Juginchi commented 1 year ago

Not sure if this solution still applies but these people are all talking about 20+ it/s with their 4090s last month: https://www.reddit.com/r/StableDiffusion/comments/y71q5k/4090_cudnn_performancespeed_fix_automatic1111/

levicki commented 1 year ago

@Juginchi They talk about replacing CUDNN binaries which brings you to ~12 it/s, which, if you read my post above, I already did.

I didn't mess with xformers because their output was non-deterministic (i.e. they did not produce same image with the same prompt and seed).
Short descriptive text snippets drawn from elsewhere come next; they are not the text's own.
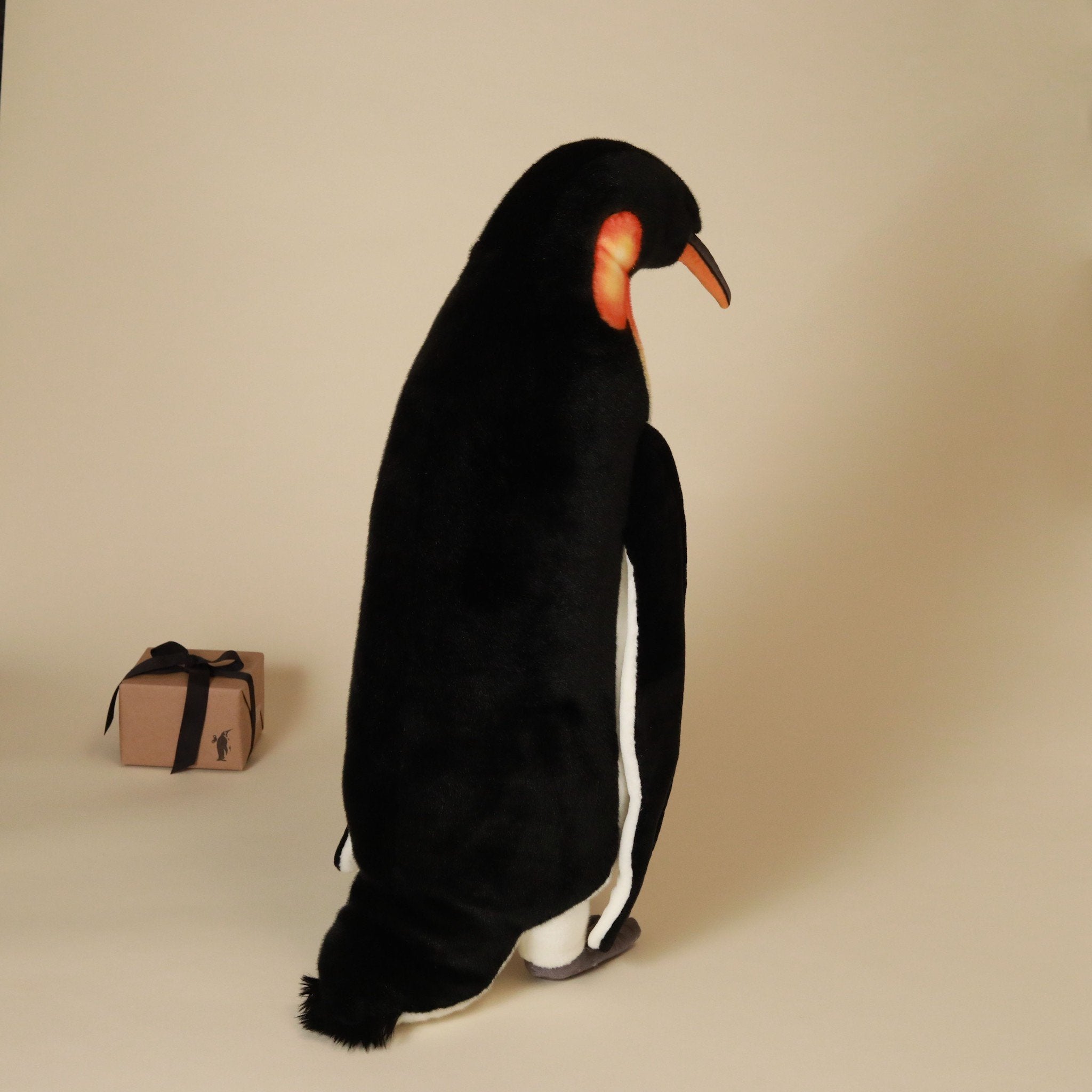 back-view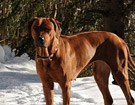 FATIMA BAHATI MANABOMI _ Rhodesian Ridgeback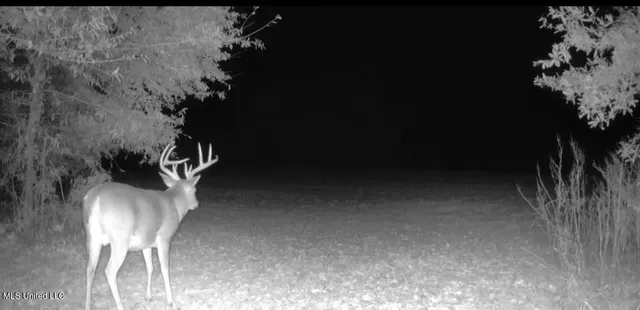 $6,900,000 | 533 County Road, Sidon, MS 38954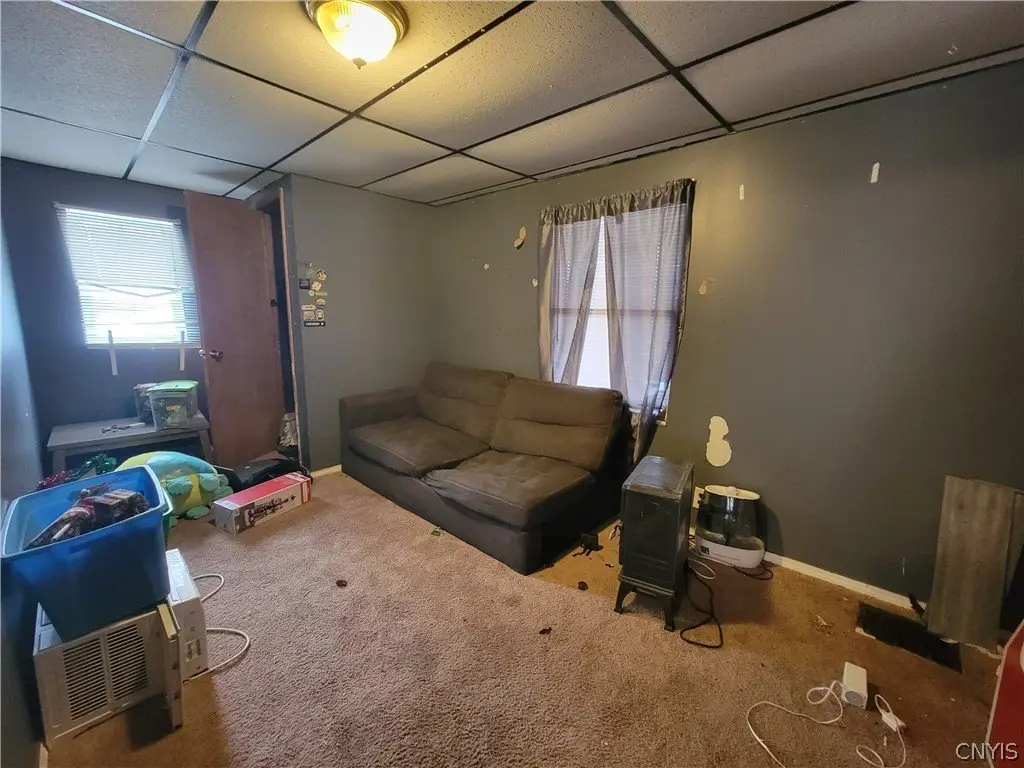 Picture 15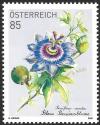 Colnect-6542-644-Blue-Passionflower-Passiflora-caerulea.jpg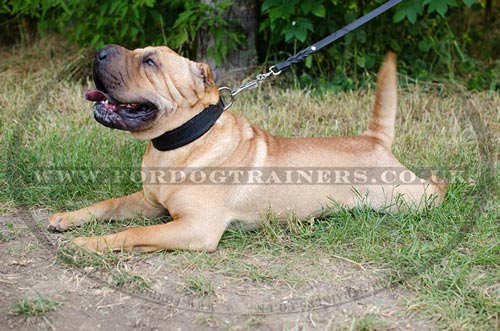 Sharpei Dog Collar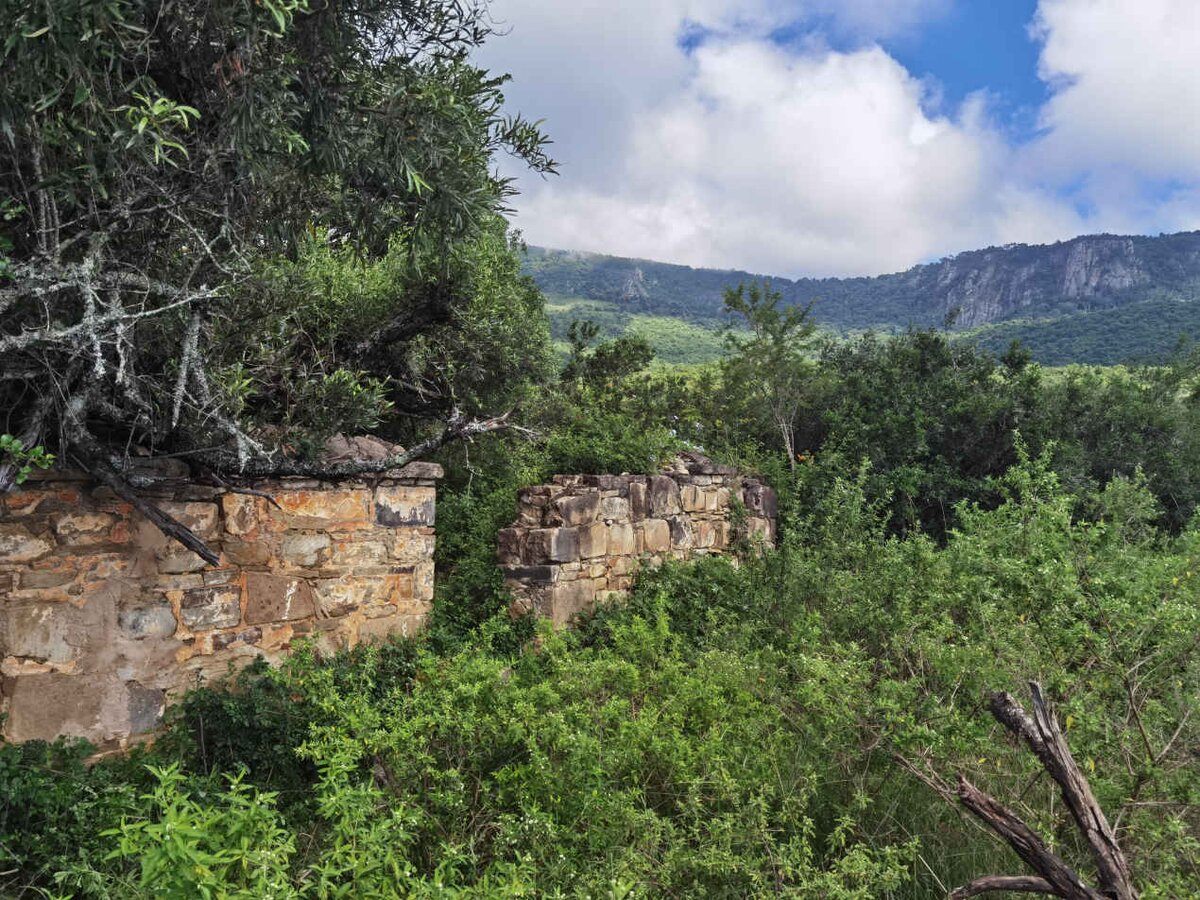 1. Overview / Oorsig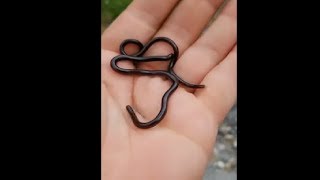 Everything You Need To Know About The Brahminy Blind Snake Species [upl. by Emmery]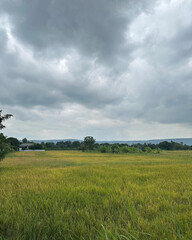 green field and blue sky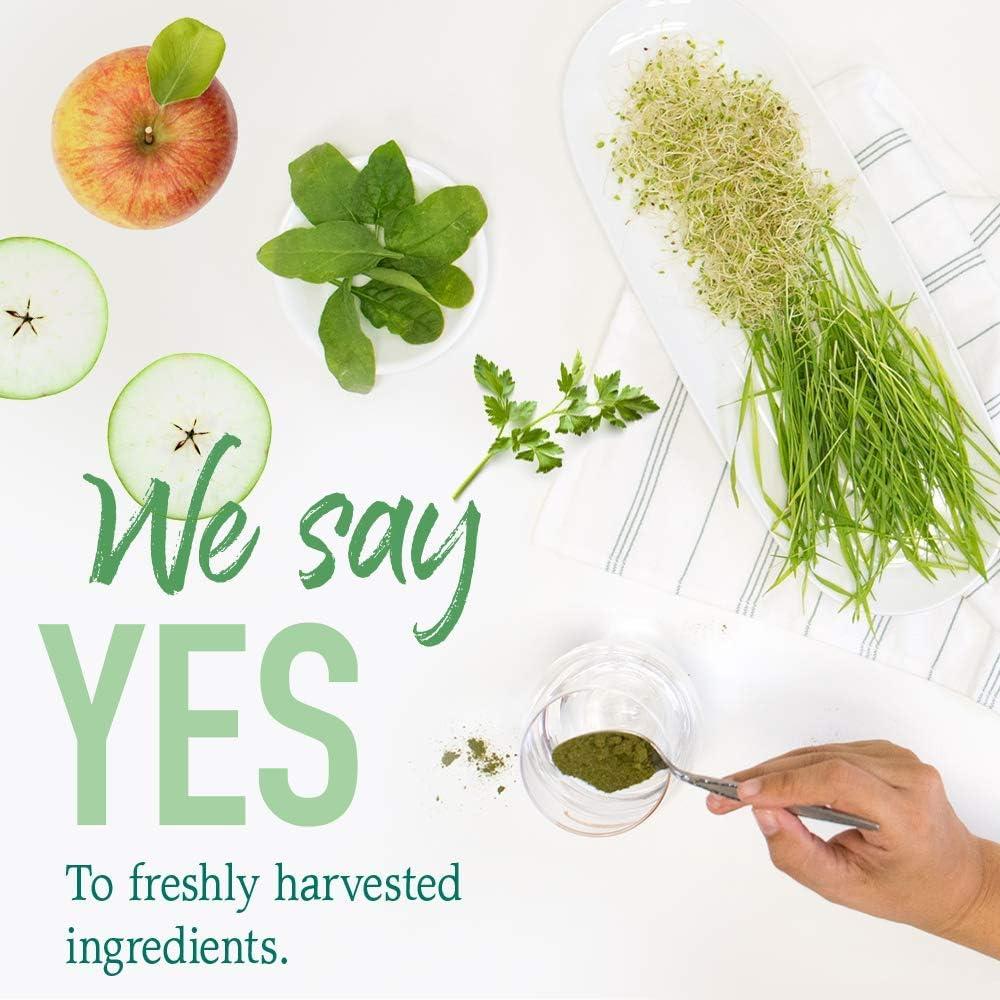 Alimento Perfecto Orgánico Crudo Jardín de Vida 30 Porciones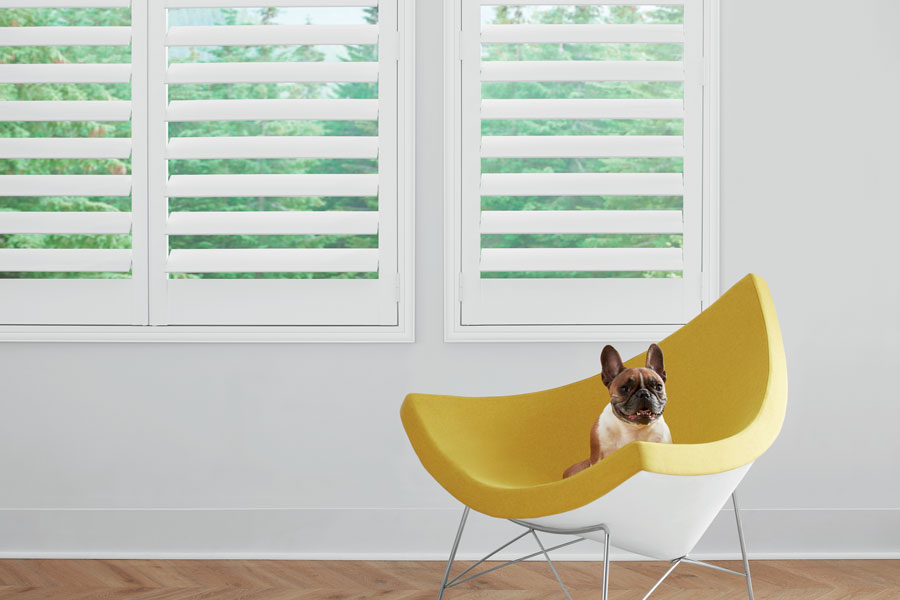 Interior shutters that are pet friendly for Naperville IL homes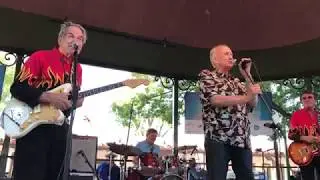 Jimmy Gilmer and the Fireballs, 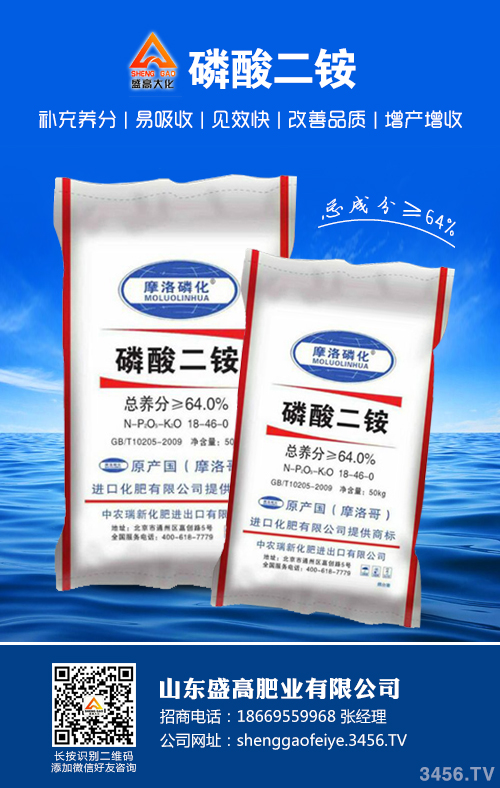 ���@�r(ji��)�񕺟o(w��)����(d��ng)��������@�Ј�(ch��ng)�����(b��o)�r(ji��)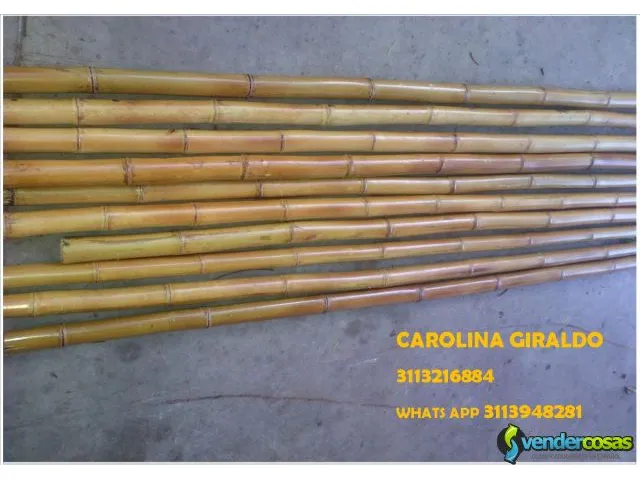 Venta de bambu verde o sopleteado bamboo 2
I am not sure if that has changed in the meantime, but my main problem is that current torch version is making SD run slower on 4000 series cards.

EDIT: I just tested (still on commit 59146621e256269b85feb536edeb745da20daf68), and I can get ~15 it/s with xformers enabled, but the images from the same seed and prompt are different. Maybe that is fixed in later commits, but they degrade performance for me as explained above.

levicki commented 1 year ago

Further testing:

I installed torch 2.0+cu118 and torchvision 0.15.0+cu118, replaced CUDNN libraries with the latest ones, and now I am getting 14 it/s without xformers.

For those wanting to try this, you can edit launch.py in the repo root to look like this:

    torch_command = os.environ.get('TORCH_COMMAND', "pip install torch==2.0.0.dev20230128+cu118 torchvision==0.15.0.dev20230128+cu118 --index-url https://download.pytorch.org/whl/nightly/cu118")

Before launching, activate the environment and manually reinstall torch first:

venv\scripts\activate
pip install --force-reinstall torch==2.0.0.dev20230128+cu118 torchvision==0.15.0.dev20230128+cu118 --index-url https://download.pytorch.org/whl/nightly/cu118

Then overwrite CUDNN binaries in venv/lib/site-packages/torch/lib with the latest ones (v8.7.0 for CUDA 11.x from NVIDIA.

Disclaimer: I did not test whether this change affects reproducibility of the old seeds and prompts, try it at your own risk!

Creative-Ataraxia commented 1 year ago

I'm only getting 1.2 it/s when training on the 4090, this can't be normal can it?

ChinatsuHS commented 1 year ago

apparently there is a discord bug that causes Nvidia gpu's to not reach the correct clockspeeds..

maybe that explains the sudden reduction of it/s with generating/training

(is getting fixed by discord)

so guess you have to have the discord app/site closed if you want full performance

levicki commented 1 year ago

@ChinatsuHS I am not running Discord so no that doesn't explain it.

Also, in my opinion, this project is moving too fast for its own good — they should slow down with adding new features and focus on fixing bugs and performance regressions for a bit.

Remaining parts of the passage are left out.